The number to focus on this World Refugee Day

Fionna SmythHumanitarian, Refugees and IDPs

This World Refugee Day, Head of Humanitarian Policy, Advocacy and Campaigns, Fionna Smyth, reflects on the recent UNHCR refugee figures and reminds us of those who are seeking safety in poorer countries. 

Since August 25, nearly 515,000 Rohingya refugees have crossed over to Bangladesh’s South-Eastern districts resulting in a massive humanitarian crisis. Credit: Kamila Stepien / Oxfam

Since August 25, nearly 515,000 Rohingya refugees have crossed over to Bangladesh’s South-Eastern districts resulting in a massive humanitarian crisis. Credit: Kamila Stepien / Oxfam

We’ve learned that more than 68 million people have been forced from their homes worldwide. It is the fifth year in a row that this number has hit a record high. Perhaps that number makes you feel sad, or anxious about how space can possibly be found for them all. Perhaps it seems so large that it becomes meaningless. Either way, it’s not the number you should be looking at.

As someone who has visited many countries hosting refugees, I know all too well the human suffering behind this shocking UN statistic. Otherwise ordinary men, women and children in extraordinary disasters add up to this figure. Whether they have abandoned homes in South Sudan or Myanmar, the experience of leaving behind gardens, precious photos, friends and relatives is every bit as traumatic as it would be for your or I.

The number to look at is 85 percent. That is the proportion of those people who are seeking safety in poorer countries. It doesn’t include those disembarking from rescue ships in the Mediterranean, or seeking asylum in the UK. It speaks of those who are out of the headlines, out of the news. It’s a number that flatly contradicts the idea that most refugees are heading for Europe. 

The number to look at is 85 percent. That is the proportion of those people who are seeking safety in poorer countries.

Take Bangladesh. This country has welcomed more than 900,000 Rohingya refugees from neighbouring Myanmar. Since last August, a camp the size of a small city has been created from scratch. Bamboo and tarpaulin shelters prickle from hills as far as the eye can see. Yet as the heavy downpours and high winds of this year’s monsoon begin, this city could melt into the earth leaving very vulnerable people with nothing. Oxfam is there in Cox’s Bazaar providing vital aid such as clean water and food to almost a third of those refugees.

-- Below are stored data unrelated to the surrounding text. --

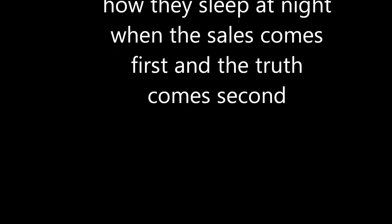Seems like everybody's got a prize, I wonder how they sleep at night, when the sale comes first and the truth comes second.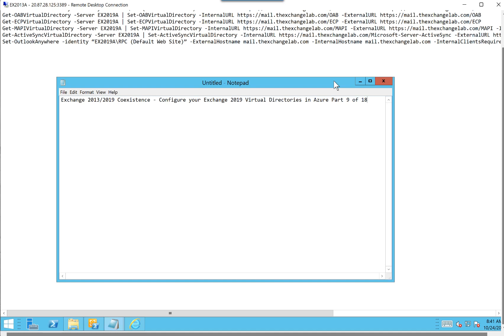Hello everyone. Welcome to another Exchange 2013-2019 coexistence video. My name is Ed, and in this video, we're going to be looking at part nine, which is configuring our virtual directories on our Exchange 2019 server.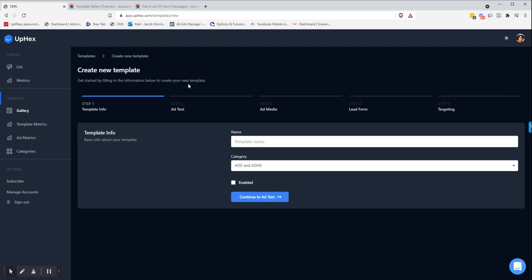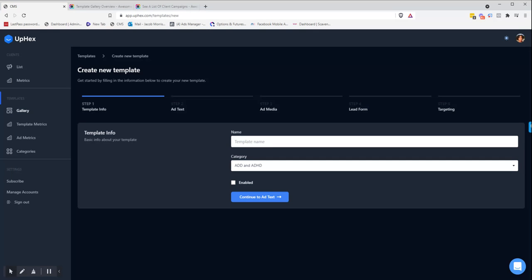There you'll be taken through a five-step process. First, giving the template a name and selecting a template category and choosing whether or not you want your template enabled or disabled. This is good if you are working on the template but you are still waiting for maybe some assets to come back, you leave it disabled so that way it can't be published out to any accounts. Enable it once your template is ready to go.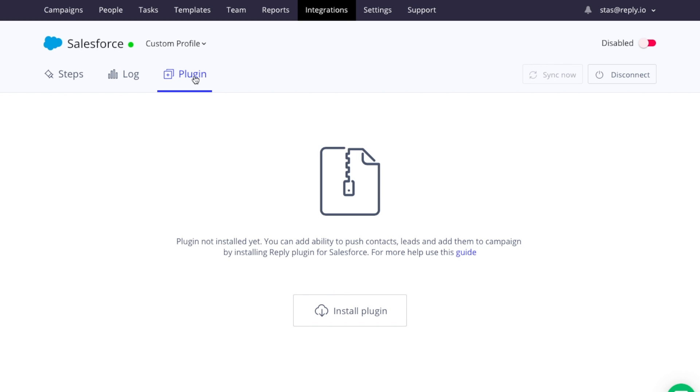Lastly, we have the plugin. The plugin allows for more direct control over the integration from within Salesforce. It's not necessary if you're actively using the native integration within Reply. In order to fully utilize the integration, your Salesforce account must be equipped with API functionality.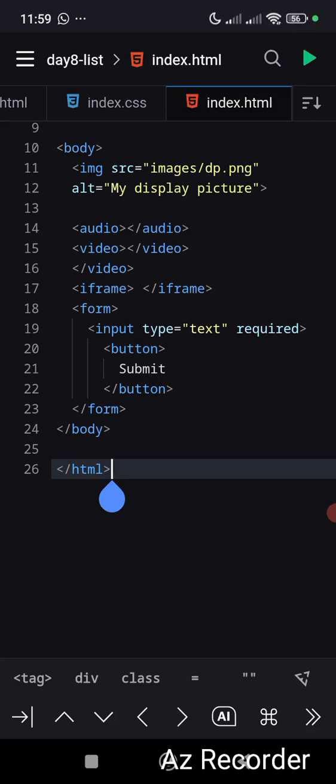To collect any data from a user—like their username or password—you use forms. Forms collect user data like emails and passwords. You use the form tag to start the form.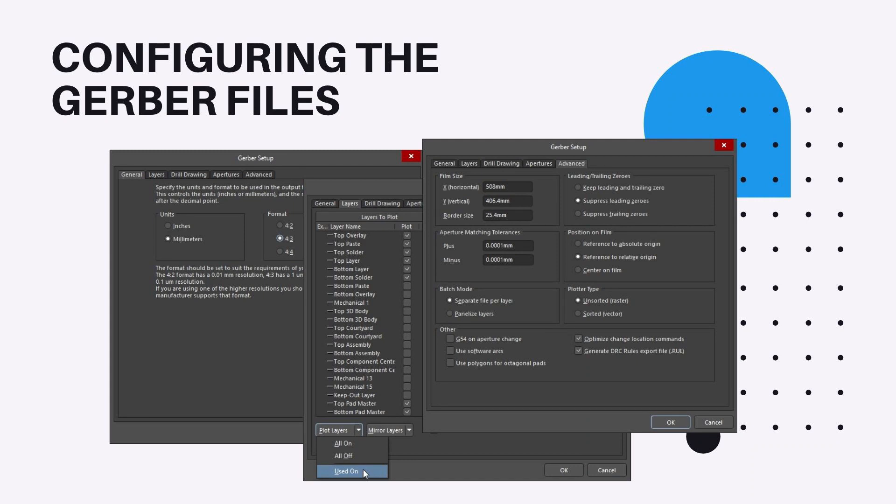The component overlay top signal layer, bottom signal layer, top solder mask layer, and so on.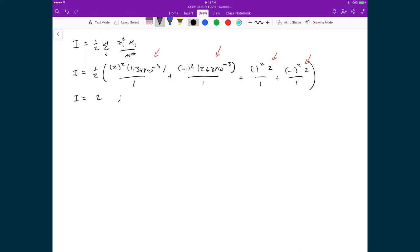What we can see here is that the square root of this ionic strength — the square root of 2 — is much bigger than 0.2. So in this case, we have to use the Davies equation if we want to get close to what is empirically true for the average activity coefficient for this system. That's what we're going to employ next.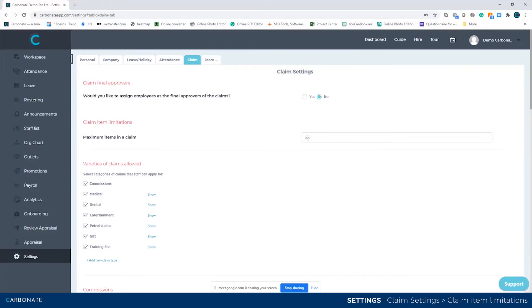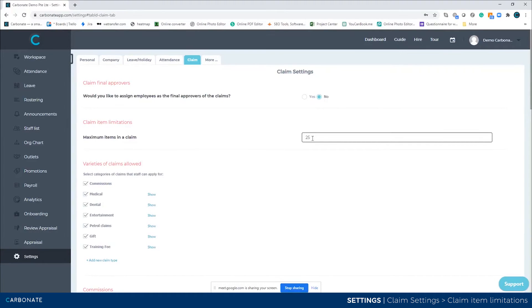For the claims form, you can define how many items per claim form you can have. You can define the number here — 10 is fine, 20 is fine, 50 is fine, any number is fine.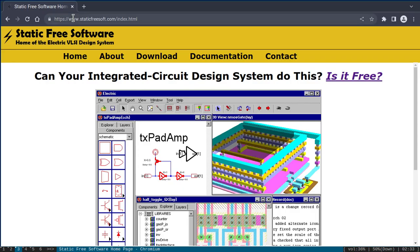Hello. In this video I will show how to use the Electric VLSI tool. We will consider an inverter as an example, starting from schematic diagram through layout and post-layout simulation using Electric VLSI. Using open source tools we can draw schematic, run SPICE simulation, draw the layout, do parasitic extraction, and post-layout simulation.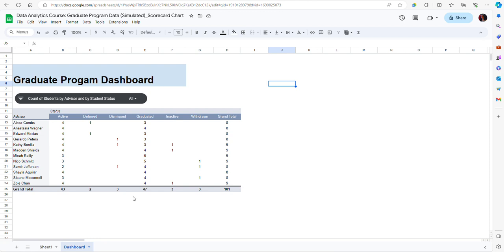Now scorecard charts only display one value and for this reason they are typically used to monitor key performance indicators or variables that we are considering very important and that we should monitor, like for instance a student GPA.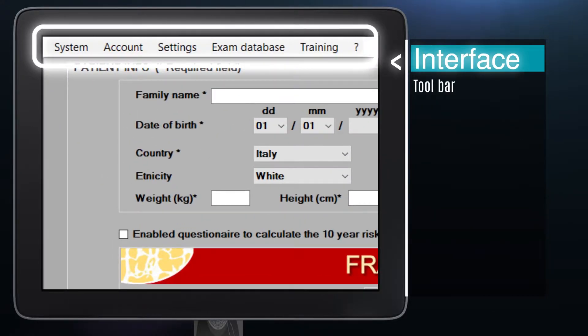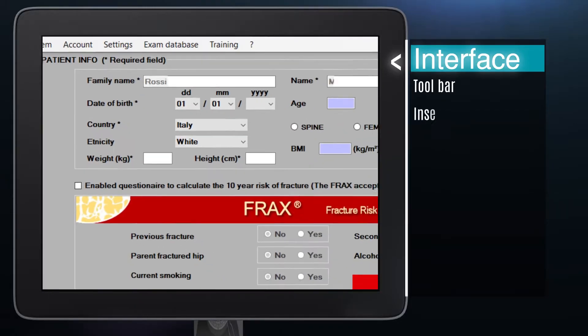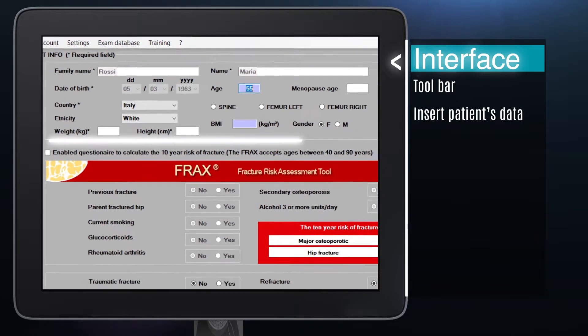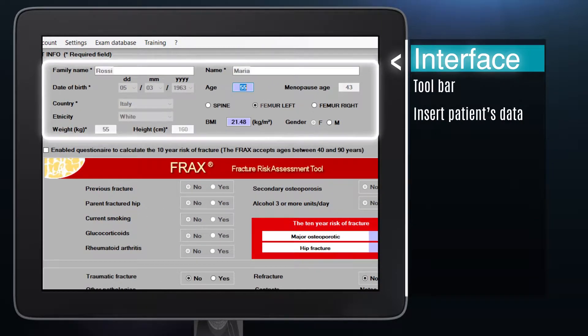After opening the ECOS Studio main interface, the toolbar is on the top. The patient's data form and spine or femur scan selection are in the section on the top. To get a correct body mass index or BMI value, it is recommended to insert precise weight and height values.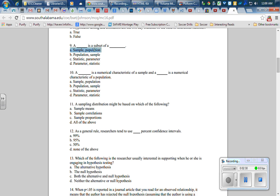We also did numbers 10 and 11. Number 10 says a blank is a numerical characteristic of a sample and a blank is a numerical characteristic of a population. Well, samples are described with statistics and populations are described with parameters.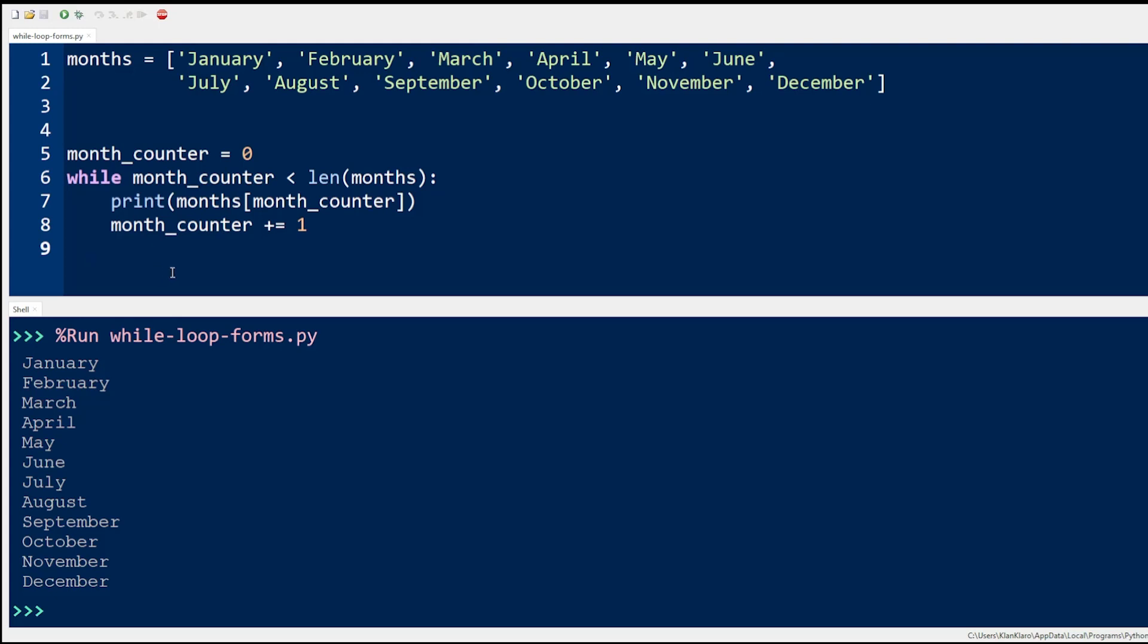Now while this while loop executes without error, this specific set of codes is more efficiently performed with a for loop. Let's take a look at the following code which accomplishes the same task, but with more efficiency and less code.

Bangladesh, the 139th richest country in the world, has taken in hundreds of thousands of Rohingya refugees in a matter of weeks. There couldn’t be a better example of another stark UN statistic: that four out of five refugees remain in countries next door to their own. In Europe, in the UK, we should remember that it is overwhelmingly poor, neighbouring countries that are the most generous hosts.

And yet tens of millions of people who flee their homes don’t even get that far. Willingly or unwillingly, two-thirds of that 68.5 million stay in their own countries. In the Democratic Republic of Congo, where four million people have been forced from their homes, a mass exodus is unfolding largely away from the world’s gaze. As if its long-running conflict wasn’t enough, the recent Ebola outbreak in the west of the country has so far led to more than 50 cases and over 20 deaths.

South Sudan, the world’s youngest country, has also contributed to this record number. A third of its population, over four million people, have been forced from their homes by a brutal civil war that began in 2013. Civilians have been attacked and killed. Schools and hospitals have been looted and destroyed. More than two million people have sought safety in neighbouring countries like Uganda and Ethiopia, while 1.7 million displaced people remain inside the country’s borders.

How can it be right that poorer, developing countries host 85 percent of the world’s displaced people, while richer countries sometimes seem to be doing everything they can to keep them out? It is understandable that many refugees want to stay close to home, but host countries should be supported far better than they are now. Every year, a new record replaces the last, but that stubborn 85 percent figure refuses to budge. It’s about time we did something about it.

We need a new agreement on how the world shares responsibility for these vulnerable people, and we need it as soon as we can. The number of refugees rose by almost 3 million in only a year. This is a challenge to our common humanity that is not going to wait.

Thankfully, the UK and other governments will soon have an opportunity to get this right. In September, a new mechanism for sharing responsibility for refugees will come before the UN in New York. Prime Minister Theresa May should back it, and she should make sure it has real teeth. She should also listen to the voices of displaced people themselves who are so often ignored in decisions that affect their lives. Unless we start looking at that 85 percent figure, and sharing responsibility with countries far poorer than us, the record numbers will keep rising.